-------- SUPPLIED RECORDS
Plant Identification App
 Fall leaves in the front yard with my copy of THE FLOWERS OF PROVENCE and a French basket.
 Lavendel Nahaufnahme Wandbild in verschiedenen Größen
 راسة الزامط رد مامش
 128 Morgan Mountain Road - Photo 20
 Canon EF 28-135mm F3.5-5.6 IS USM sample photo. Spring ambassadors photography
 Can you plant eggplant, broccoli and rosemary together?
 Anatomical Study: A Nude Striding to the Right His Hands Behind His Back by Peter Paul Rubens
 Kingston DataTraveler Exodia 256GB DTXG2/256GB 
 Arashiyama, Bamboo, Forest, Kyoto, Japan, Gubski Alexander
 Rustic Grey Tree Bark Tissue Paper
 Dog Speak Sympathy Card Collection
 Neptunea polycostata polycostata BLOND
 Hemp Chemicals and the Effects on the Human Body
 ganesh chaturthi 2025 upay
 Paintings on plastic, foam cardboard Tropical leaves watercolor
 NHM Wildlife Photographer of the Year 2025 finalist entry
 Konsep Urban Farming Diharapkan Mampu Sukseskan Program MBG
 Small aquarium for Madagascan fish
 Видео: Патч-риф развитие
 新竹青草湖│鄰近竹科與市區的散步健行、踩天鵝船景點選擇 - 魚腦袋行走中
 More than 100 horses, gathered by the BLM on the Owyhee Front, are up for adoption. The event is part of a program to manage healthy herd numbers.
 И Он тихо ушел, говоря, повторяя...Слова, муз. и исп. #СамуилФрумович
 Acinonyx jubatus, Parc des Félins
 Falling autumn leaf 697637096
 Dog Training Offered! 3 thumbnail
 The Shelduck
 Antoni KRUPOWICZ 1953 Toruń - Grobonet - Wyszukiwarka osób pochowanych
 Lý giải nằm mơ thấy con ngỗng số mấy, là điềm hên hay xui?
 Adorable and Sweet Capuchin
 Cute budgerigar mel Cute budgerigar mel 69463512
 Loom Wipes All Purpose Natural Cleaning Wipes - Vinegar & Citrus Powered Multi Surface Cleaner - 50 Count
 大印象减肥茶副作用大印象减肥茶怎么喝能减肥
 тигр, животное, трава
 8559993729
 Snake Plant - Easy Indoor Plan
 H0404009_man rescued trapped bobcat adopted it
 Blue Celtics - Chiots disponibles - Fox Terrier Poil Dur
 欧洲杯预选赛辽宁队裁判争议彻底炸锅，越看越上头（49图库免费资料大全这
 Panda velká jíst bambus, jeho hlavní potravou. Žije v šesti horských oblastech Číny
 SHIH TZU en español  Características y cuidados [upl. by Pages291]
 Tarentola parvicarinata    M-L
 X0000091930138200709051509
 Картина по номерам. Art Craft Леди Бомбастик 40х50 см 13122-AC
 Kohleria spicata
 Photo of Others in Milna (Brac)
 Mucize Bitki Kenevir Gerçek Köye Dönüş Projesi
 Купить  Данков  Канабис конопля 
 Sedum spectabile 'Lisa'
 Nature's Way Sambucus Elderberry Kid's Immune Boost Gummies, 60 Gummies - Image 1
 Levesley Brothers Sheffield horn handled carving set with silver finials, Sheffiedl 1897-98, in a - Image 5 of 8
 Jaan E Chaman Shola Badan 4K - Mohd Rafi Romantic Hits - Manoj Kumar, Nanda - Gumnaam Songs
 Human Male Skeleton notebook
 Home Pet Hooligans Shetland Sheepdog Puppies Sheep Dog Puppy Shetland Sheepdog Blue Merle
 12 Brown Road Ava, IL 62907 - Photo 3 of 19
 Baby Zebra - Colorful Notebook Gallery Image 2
----------------
WHAT IS EXPECTED —
Reproduce, word for word and in full, only the lines above that start at the line with "Can you plant" and run through the line with "Dog Speak Sympathy Card Collection", both ends included.

YOUR SOLUTION —
 Can you plant eggplant, broccoli and rosemary together?
 Anatomical Study: A Nude Striding to the Right His Hands Behind His Back by Peter Paul Rubens
 Kingston DataTraveler Exodia 256GB DTXG2/256GB 
 Arashiyama, Bamboo, Forest, Kyoto, Japan, Gubski Alexander
 Rustic Grey Tree Bark Tissue Paper
 Dog Speak Sympathy Card Collection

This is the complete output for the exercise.